I was flipping through a trade magazine and saw an article about what to do if you’ve published something embarrassing. Not necessarily something personal, per se, but more like the clips you wrote when you were first starting out that linger out there in cyberspace. On a whim, I decided to google myself and see what turned up.
First of all, if you google me, my clips are intermingled with another Renee Roberson who also happens to be a pastor. That could get interesting if someone stumbled onto her blog instead of mine. When I was first starting out as a freelancer, I wrote a lot of parenting articles for the Walt Disney Internet Group, as my kids were still tiny. I still come across articles that were obviously sold to other blogs and websites over time. For example, I found an article on when you can determine a baby’s eye color on Babble. I barely remember writing that one. Instead of being in an article format, snippets of the article ran as captions underneath stock photos—to make for a quicker read, I guess. You can tell I was early in my writing career because there was a mention of me also writing for the fan magazine of singer Tori Amos, which was a volunteer gig. I guess I didn't have a lot of paying gigs at the time!

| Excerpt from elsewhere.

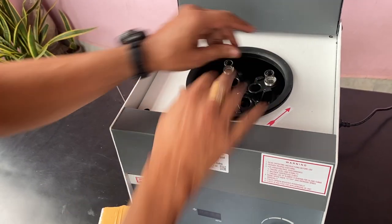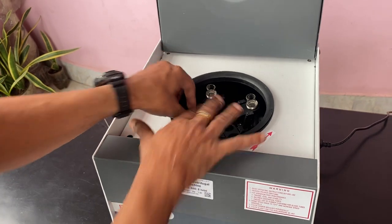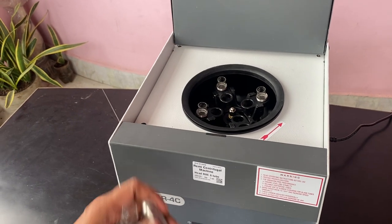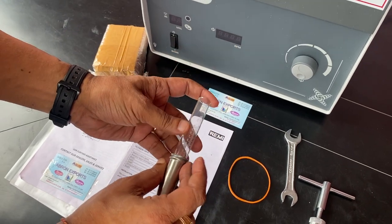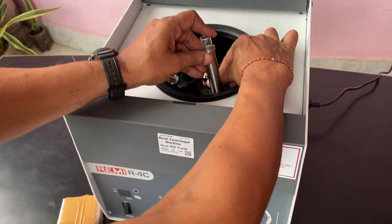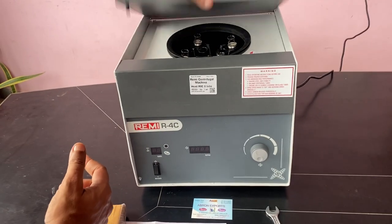All eight tubes should be put in — even if you are using only four. Inside, there is one rubber safety cap for the centrifugal tubes. Put it here. Four tubes are also provided with this unit.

I also wrote some articles for those content mills writers are constantly being warned about. I’m pretty sure I wrote those articles for free because I was trying to get clips, so there have to be some pretty embarrassing pieces of work out there. Yahoo! actually bought one of those mills I wrote for, but I don’t think an article I wrote about a local pet bed and breakfast will show up on their site anytime soon. Another site I wrote for (for payment) ended up being acquired by a larger content service so a few of my articles popped up on a website I had never heard of.

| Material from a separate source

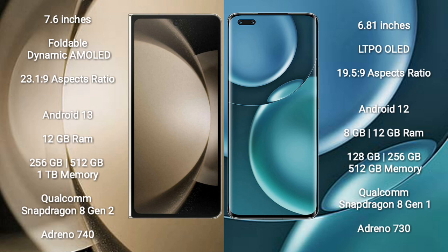Samsung Galaxy Z Fold 5 runs on the Android 13 operating system. Honor Magic 4 Pro runs on the Android 12 operating system.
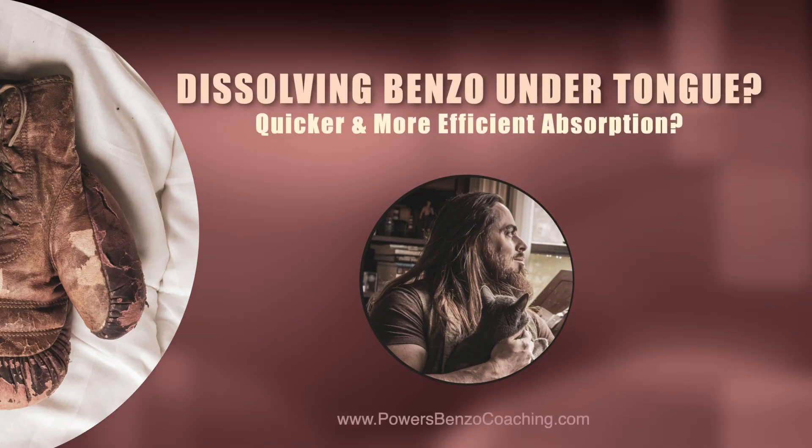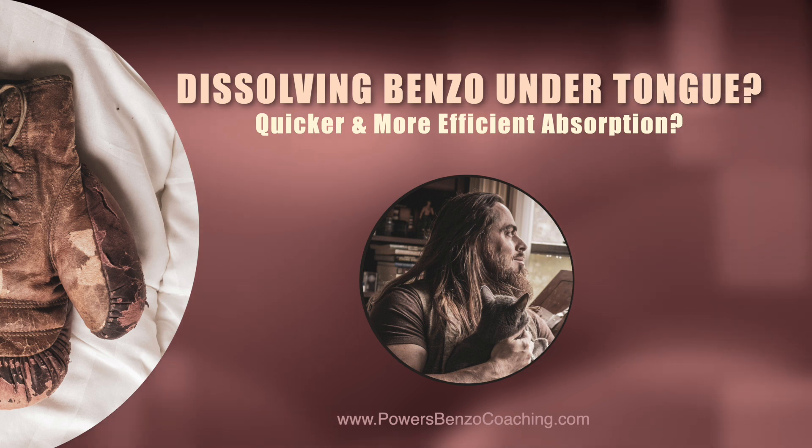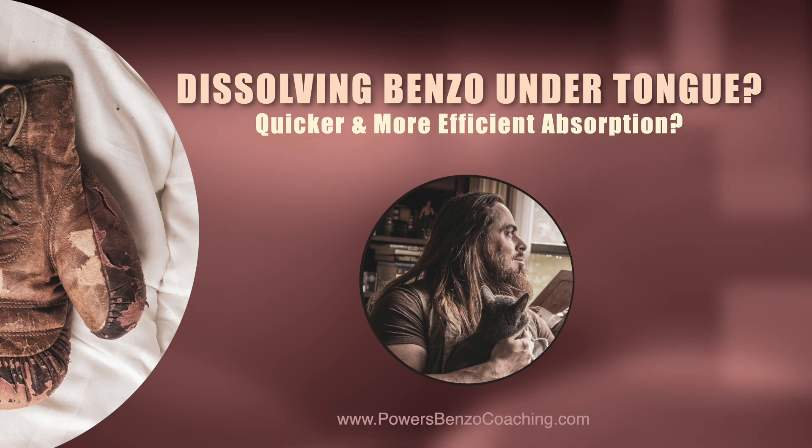Hey guys, some quick advice. Do you ever put your benzo under your tongue? Do you ever let it dissolve under your tongue, or do you just swallow it? I know some of you titrate and have the liquid, so that wouldn't really apply, but if you're using a solid pill, ask yourself: are you putting it under your tongue or just swallowing it?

None of these articles were humiliating or anything, but the topics did make me laugh a little bit. (How many calories are in wine, beer, and mixed drinks? What is your breakfast personality type? And did anyone really care if I reviewed a Tori Amos concert for a content mill?)

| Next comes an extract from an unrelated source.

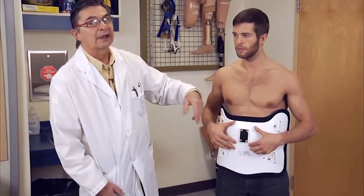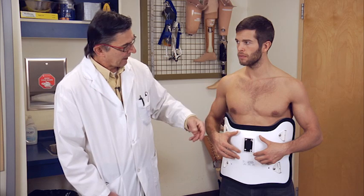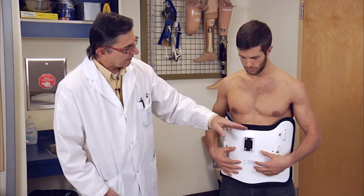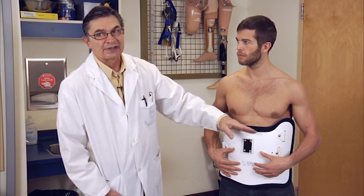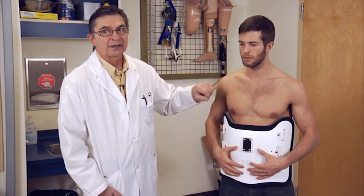If it's a female patient, you need to know their bust size. You want the border of the anterior piece to be low enough so that it's not digging into the breast tissue. Are those measurements circumferential or diameter? Circumferential — we need circumferential measurements.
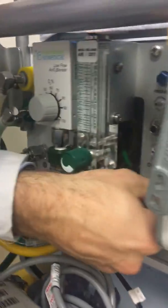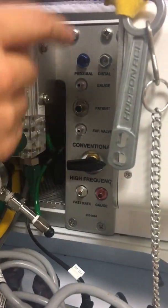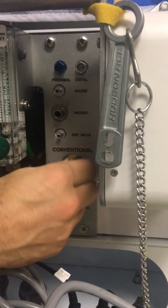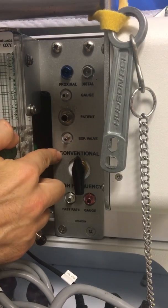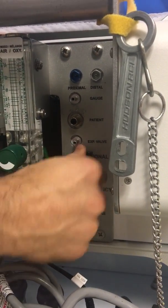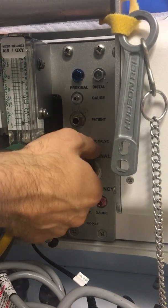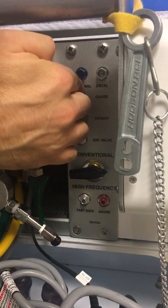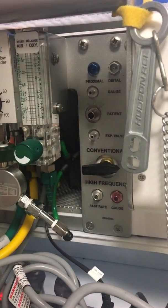Over here we have a knob that's in the middle — it's bringing air to neither conventional nor high-frequency. If it's pointed up, the gas source is going to conventional. If it's pointed down, you'll hear some noise and the gas source is going to the high-frequency. These are the high-frequency outlets, and these are the conventional outlets. We'll discuss that in another video.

As the article I was reading on this topic suggested, most writers have to start out somewhere, and for most of us, that was writing for “click bait” sites. For me, I found I really had to dig around to find any of these articles, so it doesn’t really concern me. I don't think it will scare off any future editors or employers. These aren’t the clips I showcase on my blog or add to my resume. They will sink into oblivion sooner or later.
We won't talk about the cheesy poems the student government asked me to write for the prom booklets in high school. That's for another day.
I’m curious if you have any articles/essays/stories you’ve come across from the early stages of your writing career that make you cringe now? I'd love to hear your stories!